Stewart was born in North Carolina and moved to Kansas with her family as a child. She grew up in the Kansas City area and after earning an undergraduate degree from Kansas State University in 2001, she lived in Honduras for six months, working with a physician on the mission field and returned to attend the University of Kansas School of Medicine in the fall 2002. She attended both the Wichita and Kansas City campuses, and after graduation in 2006 she completed a four-year combined residency program in internal medicine and pediatrics at the University of Kentucky.

“I wanted to be open minded and learn how things are done in other places,” Stewart said of her choice to go out of state for residency. “I knew in my heart that I would come back to Kansas.”

As an undergrad, she began to consider rural medicine when she heard of the need for specialists in rural areas of Kansas. Her desire to work in the underserved areas of Kansas was confirmed when she accepted a position as a hospitalist in Parsons.

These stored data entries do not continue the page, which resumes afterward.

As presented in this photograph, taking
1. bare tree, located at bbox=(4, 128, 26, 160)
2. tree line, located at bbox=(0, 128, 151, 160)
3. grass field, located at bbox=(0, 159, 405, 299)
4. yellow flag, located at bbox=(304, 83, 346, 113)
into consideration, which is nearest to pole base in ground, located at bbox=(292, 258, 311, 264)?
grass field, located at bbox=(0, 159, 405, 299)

Stewart discovered her love for community health soon after, and it proved to be a perfect fit. CHC/SEK had just opened a clinic in Baxter Springs and Postai needed a doctor to get it up and running and support the APRNs.

“My first impression was that this was a person who was passionate about people and ensuring they had access to care,” Postai recalled. “This is a woman with boundless energy and excitement over everything she does and touches. She’s a lifelong learner with a commitment to population-based health care and the firm belief that everyone is entitled to quality healthcare regardless of their economic status or where they reside.”

As CHC/SEK prepared to open a clinic in Coffeyville a short time later, Stewart was the obvious choice to get it started, splitting her time between both offices before handing over the reins to Baxter Springs. 

“I’m a builder of things,” Stewart described. “I love to make order out of chaos, to get programs started, guide and train others, then turn it over to them. I’d say I have a pio-neering spirit and I love to look at a team and say, ‘we can do this, even if it hasn’t been done before.’ There are people who need us and we’re going to press ahead.”

While overseeing the clinic and two school-based health centers in Montgomery County, she also served as mission’s pastor of her church. The combination of these experiences led to her pursuing and obtaining a Master of Public Health through the University of Kansas School of Medicine–Wichita. 

As demand increased at the CHC/SEK clinic in Pittsburg, Stewart was asked to shift her efforts once again. She now provides inpatient and outpatient care to the most chronically ill patients, and she is heading the development of a Medication-Assisted Addiction Treatment program as well as a Hepatitis-C clinic.

“There aren’t enough resources to address opiate and alcohol addiction,” Stewart said. “We operate as a day center, then if we need to refer to inpatient, we do. This program is for anyone who has an addiction and wants to move past it. We have peer support, group support, physicians, and therapists.  It is a comprehensive program.”

CHC/SEK serves more than 40,000 children and adults annually between its 11 clinics, and Stewart and her colleagues not only see patients on site, in hospitals and nursing homes, but also at the patient’s own home if that’s what it takes.

“With any program that we develop, we’re looking to target people who don’t have access to care or don’t realize that they need care,” Stewart said. “We want to reach everyone. God created each person with a very specific plan and purpose, and we place a high value on life and helping each individual achieve their individual purpose.”